You always had that power, but you wielded it in ignorance, using it for evil — painting dark scenes in which you tormented your character. Now use that power for good: craft a tale that delights and amazes, an adventure that invigorates, a wondrous world in which your character experiences the very best of your imagination. Now that you realize the truth, you owe it to yourself to fix what you’ve done. From super-villain to superhero, make things right.

Hocus Focus

If we’re captivated by life and our primary form of control is our focus, then practicing the ability to direct our focus should be a high priority. BUT life is so good at capturing our attention, that the act of redirecting our attention is a difficult thing to do.

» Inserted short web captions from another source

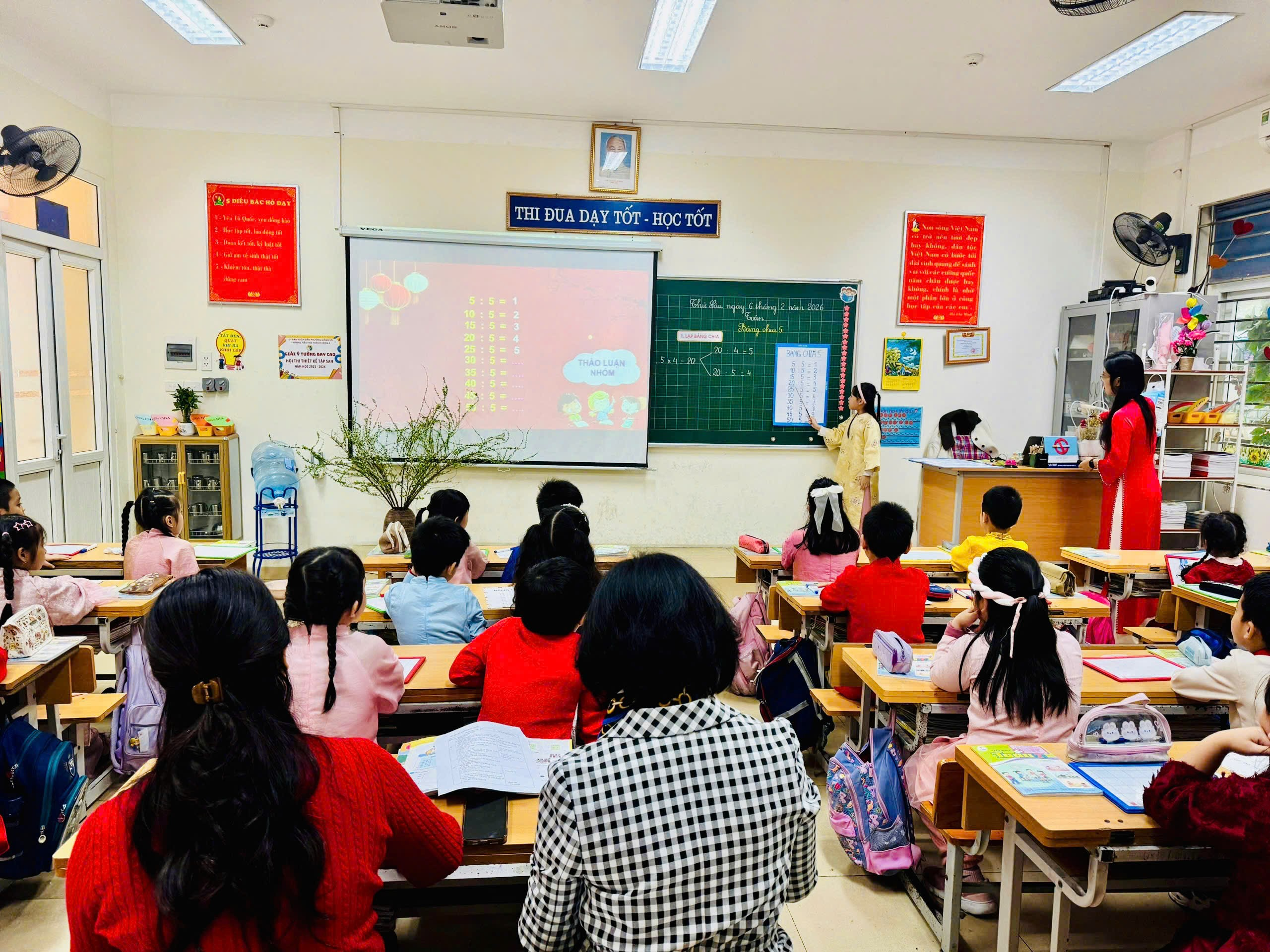 A group of children in a classroom
AI-generated content may be incorrect.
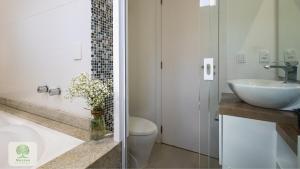 Cobertura Duplex, 2 Hidros, 5 Quartos, 300m do Mar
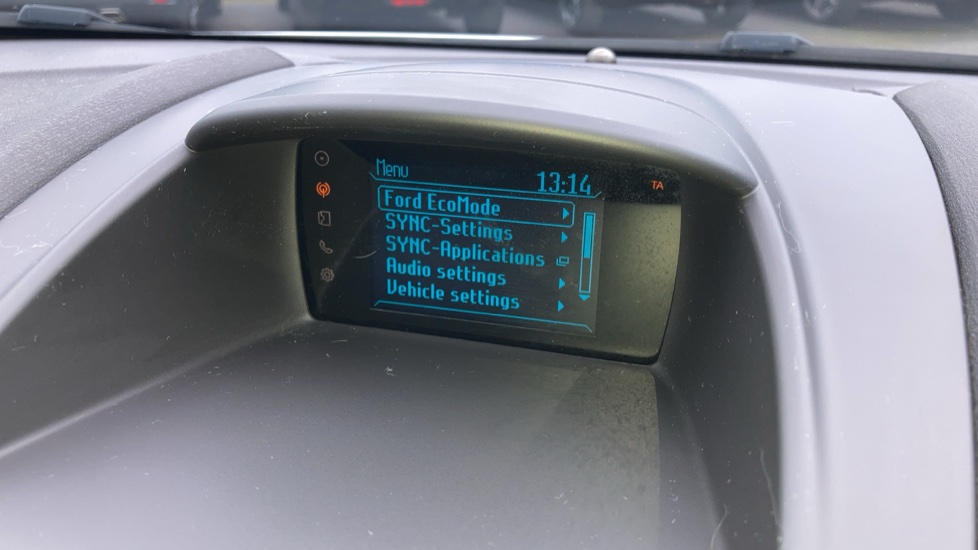 Ford Fiesta 1.25 82 Zetec 3dr Petrol Hatchback - Image 24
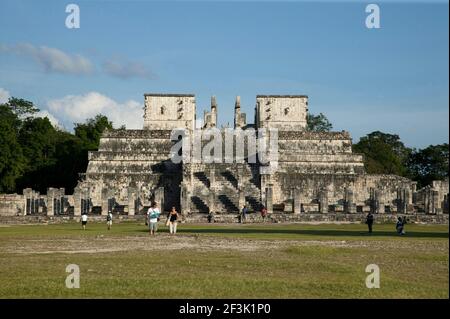 Tempio dei Guerrieri, Templo de los Guerreros, rovina, Chichen Itza, Messico. Foto Stock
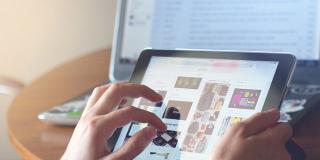 El codígo postal está compuesto por seis dígitos.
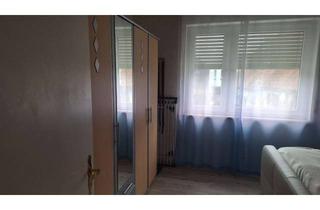 Wohnung mieten in 74343 Sachsenheim, 1100 € - 75 m² - 3.0 Zi.Es wird eine Dreizimmerwohnung mit Balkon im Erdgeschoss vermietet.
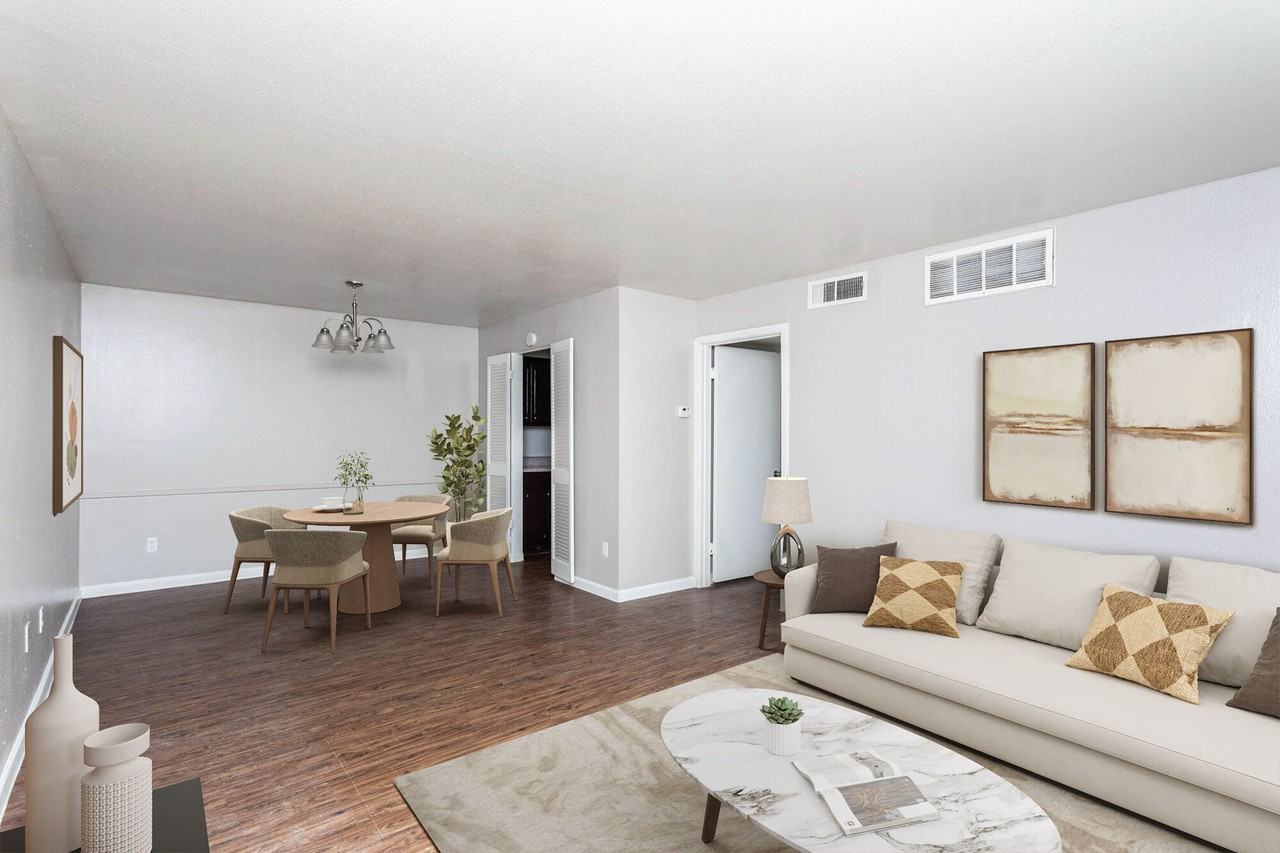 The Atrium At 5606 - Photo 7 of 14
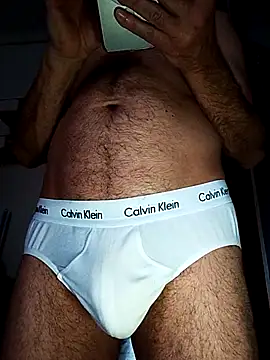 Show modela nipplegayfeet na web-kameri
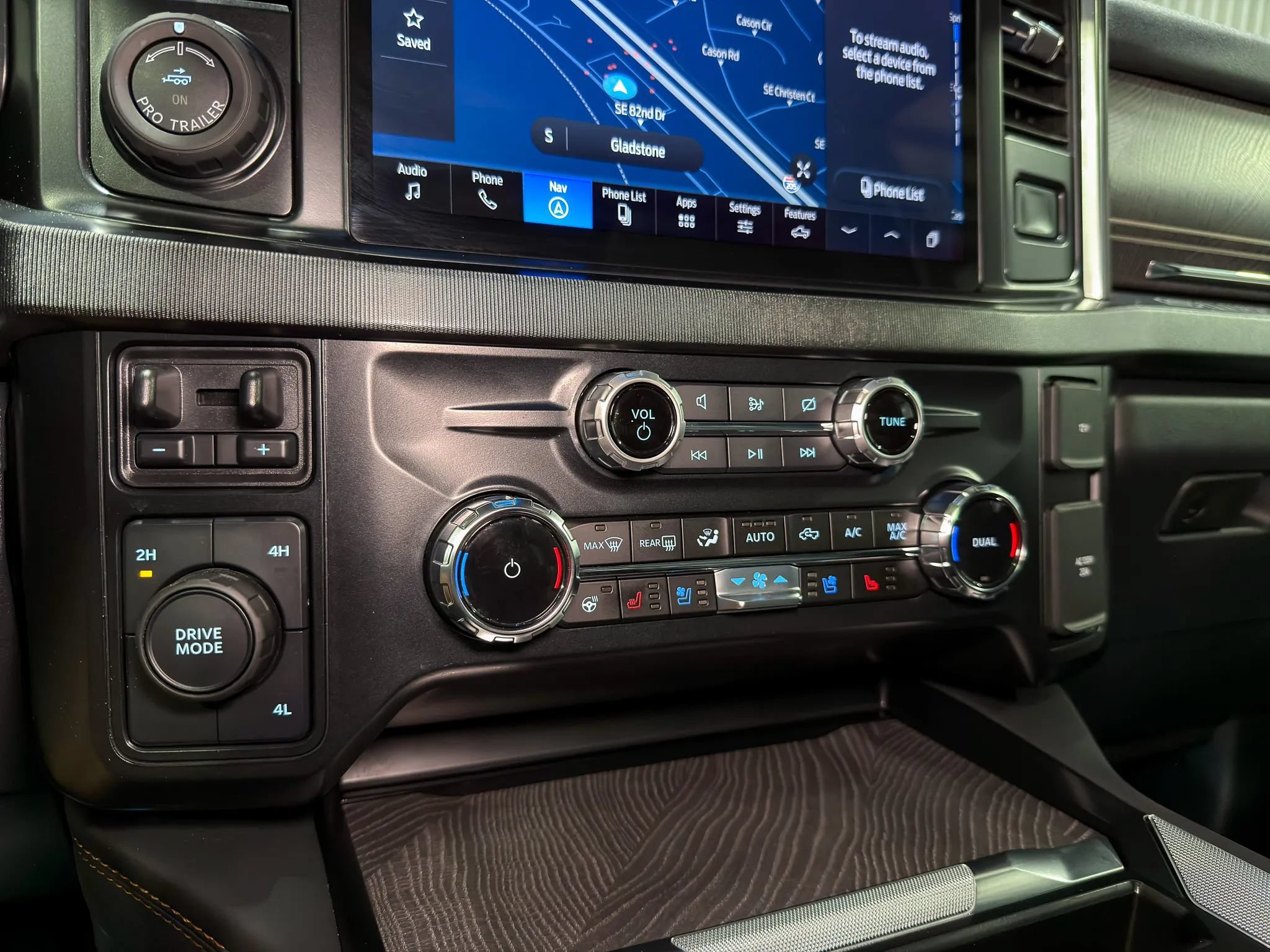 Used 2023 Ford F450 Platinum AWD/4WD image 23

And we certainly do want to control our focus because it improves our experience here. Why waste time engaging with unpleasant things, when we can engage with the best of what life has to offer instead. In other words: the answer to all our problems is proper focus BUT controlling our focus is like trying to rein-in a raging bull.

For example, imagine focusing on joyful thoughts that evoke delight instead of dour complaints. Imagine focusing on the sensation of comfort in one part of the body instead of an ache in another part. So in essence, imagine focusing on everything right and wonderful instead of what’s wrong and unpleasant — how great an experience would you have if you did? But no, that seems to be a hard thing to accomplish.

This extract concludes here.